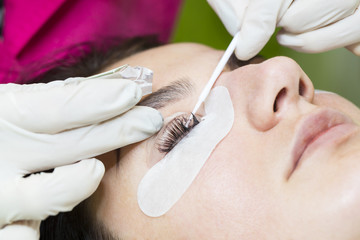 Woman on the procedure for eyelash extensions, eyelashes lamination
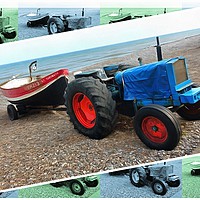 Buy canvas prints of Cromer Beach Tractor by David Mccandlish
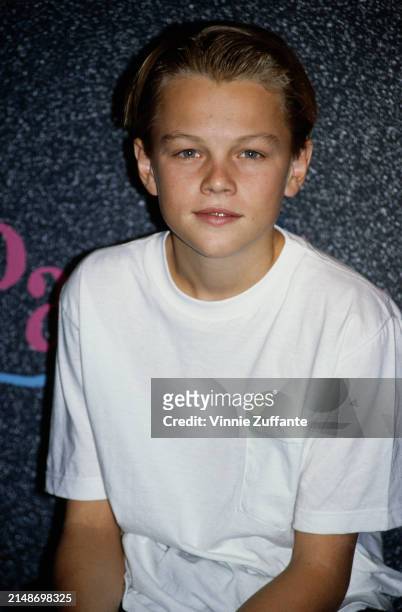 American actor Leonardo Di Caprio, wearing a white t-shirt at an NBC 'Up Front' press conference, in Los Angeles, California, 18th June 1990. The...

What you have to do: Leave out every picture and copy verbatim the lines running from the line containing "Buy canvas prints" through the final line of the data.

Problem solution:
 Buy canvas prints of Cromer Beach Tractor by David Mccandlish
 American actor Leonardo Di Caprio, wearing a white t-shirt at an NBC 'Up Front' press conference, in Los Angeles, California, 18th June 1990. The...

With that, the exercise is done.